Continuing his efforts to keep families and businesses informed, Tom Reed again spoke out against Obamacare taxes set to take effect in the upcoming months.
The medical device tax is one of the many tax increases set to take effect in 2013 as part of the Affordable Care Act (ACA), popularly known as Obamacare. The 2.3 percent tax increase on medical devices including defibrillators, pacemakers, and prosthetic limbs will place additional strain on small businesses and the jobs they provide. Reed was part of a bi-partisan group of co-sponsors of the bill to repeal the tax. The bill passed the House but has yet to be taken up by the Senate.
Reed cited Cook Medical as an example of one business that decided to scrap plans for new factories in the United States because of increased costs. Each of the three new factories Cook Medical planned to build was set to employ 300 people. According to reports, the company will be forced to halt these plans upon implementation of the new tax.
"The message is clear; tax increases on manufacturers cost manufacturing jobs here in the U.S. and push manufacturing jobs overseas," Reed said.
Another tax, the Health Insurance Tax (HIT), is set to take effect in 2014. The tax will increase insurance premiums, forcing employers to pay more for each employee and making it more difficult for employers to take on new employees. The increase in the cost of the policy will also be passed on to the employee as the employer will not be able to absorb the total increase. Reed co-sponsored legislation to stop the HIT and protect an estimated two million small businesses.
"Neither tax is good for employees, employers, or job creation," Reed continued. "While the medical device tax is costing jobs today, the health insurance tax is poised to cost jobs tomorrow.
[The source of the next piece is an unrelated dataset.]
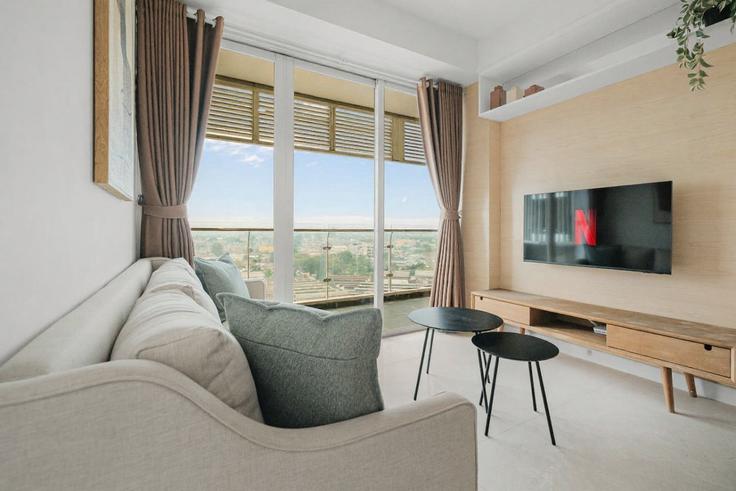 Elegante sala de estar con mobiliario moderno en un apartamento en Building Jalan Industri - kozystay-1 - 1639440 en Cicendo, Bandung City Elegante sala de estar con mobiliario moderno en un apartamento en Building Jalan Industri - kozystay-1 - 1639440 en Cicendo, Bandung City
Obamacare does little to protect patients and is making health care more expensive. Obamacare treats health insurance symptoms but fails to treat the true problem which is the disease of rising health care costs."
Tom Reed supports repealing the ACA and replacing it with patient-centered reforms. He supports including requiring coverage for pre-existing conditions, allowing children up to age 26 to be carried on a parent's policy, and covering preventive health care services such as mammograms in any replacement legislation.